Captioned web images:
BEGIN

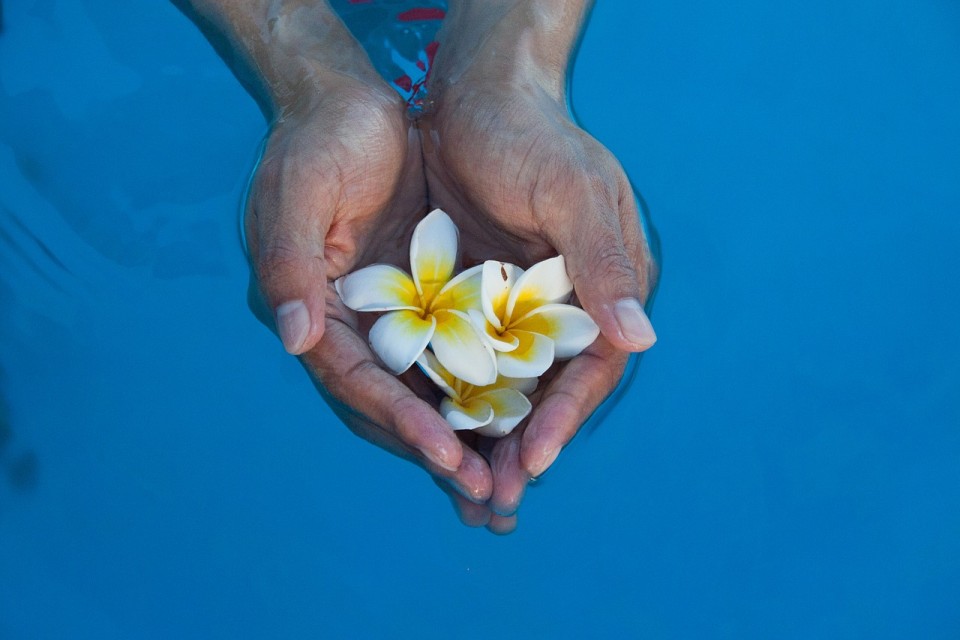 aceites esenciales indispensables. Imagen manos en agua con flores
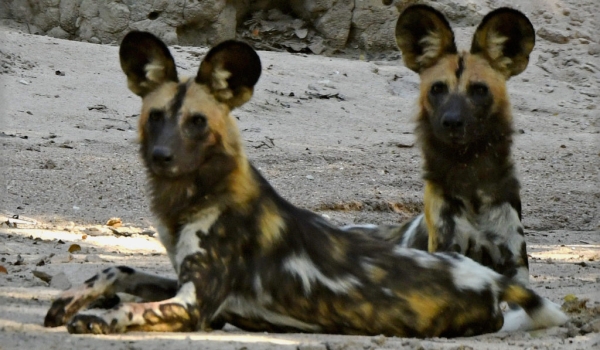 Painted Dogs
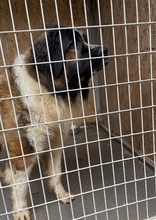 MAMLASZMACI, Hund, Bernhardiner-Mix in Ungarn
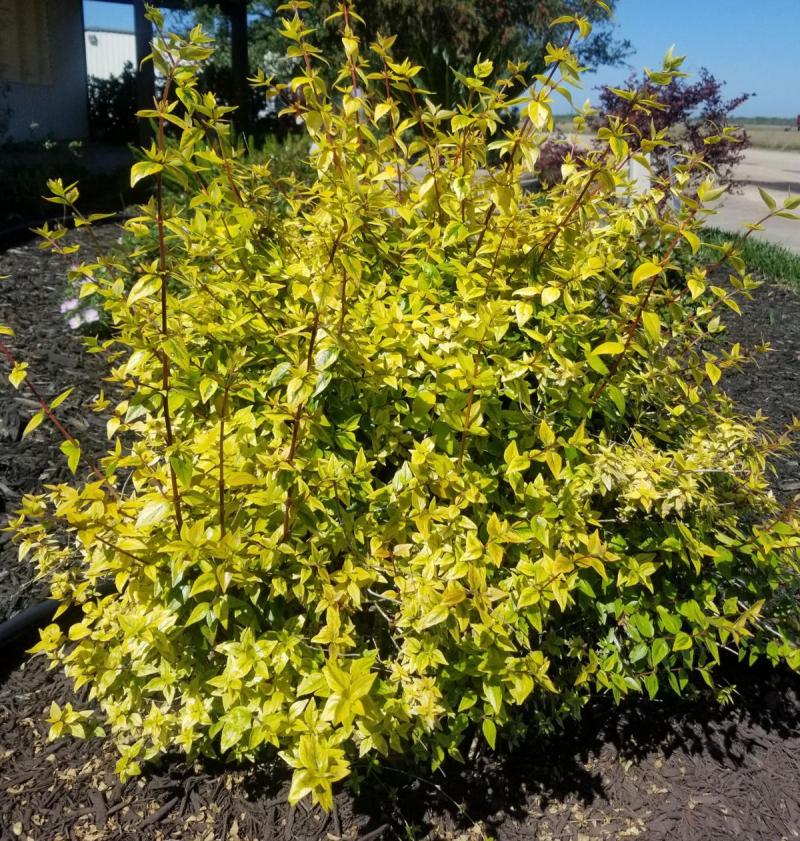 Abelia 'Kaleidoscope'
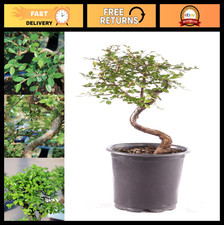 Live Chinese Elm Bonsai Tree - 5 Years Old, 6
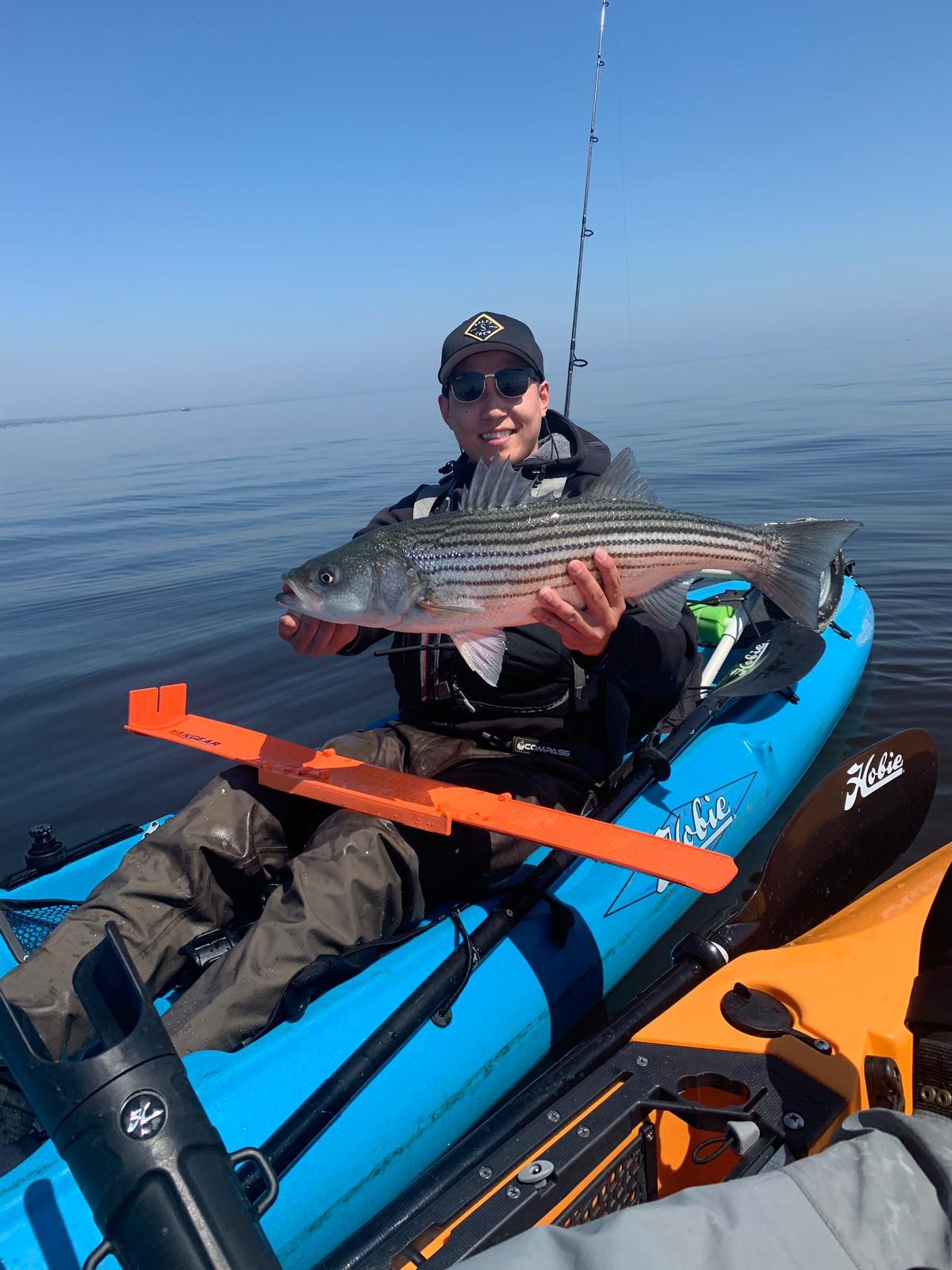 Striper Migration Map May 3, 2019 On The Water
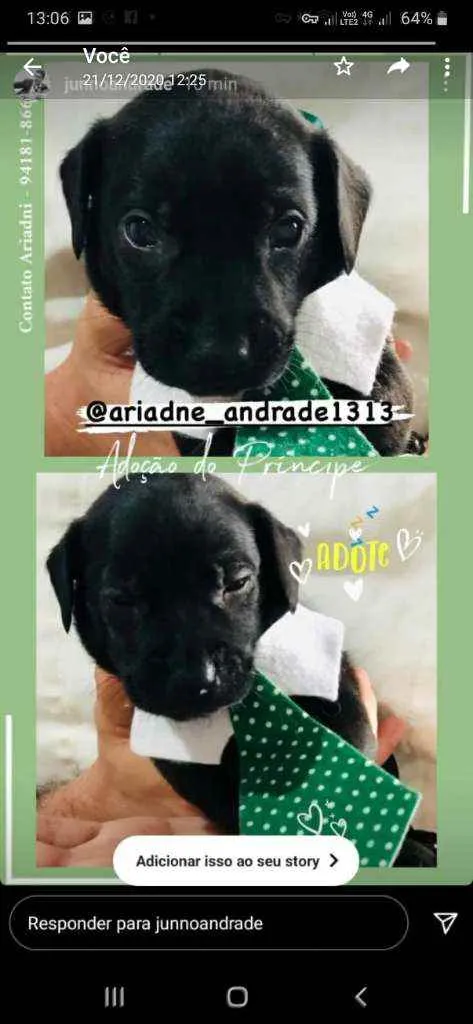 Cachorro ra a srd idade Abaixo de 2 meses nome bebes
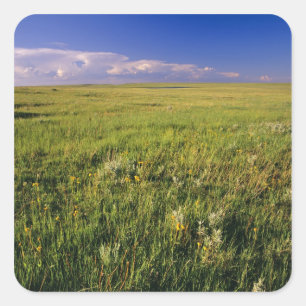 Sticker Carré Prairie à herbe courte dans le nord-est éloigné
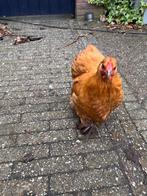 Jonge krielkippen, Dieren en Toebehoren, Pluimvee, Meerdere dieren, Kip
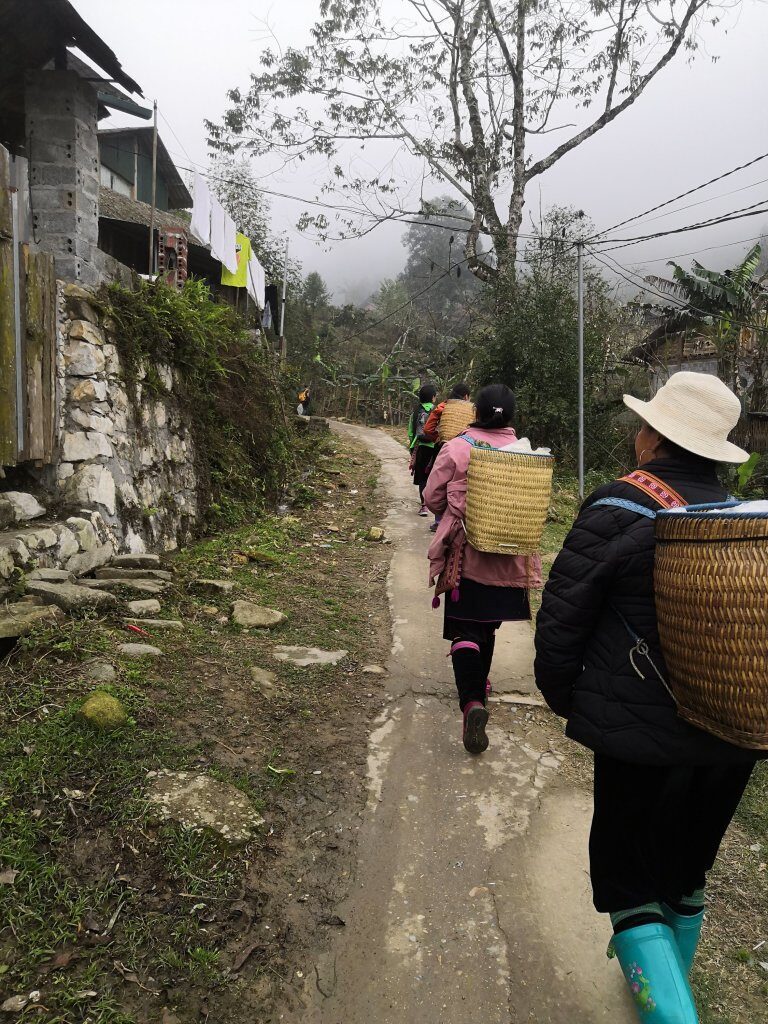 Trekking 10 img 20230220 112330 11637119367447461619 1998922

END

» **DIRECTIONS**: When the line containing "Sticker Carré Prairie" has been located, retype it and each line after it through the end of the records, excluding the pictures and adding nothing else.

» **RESPONSE TO THE TASK**:
 Sticker Carré Prairie à herbe courte dans le nord-est éloigné
 Jonge krielkippen, Dieren en Toebehoren, Pluimvee, Meerdere dieren, Kip
 Trekking 10 img 20230220 112330 11637119367447461619 1998922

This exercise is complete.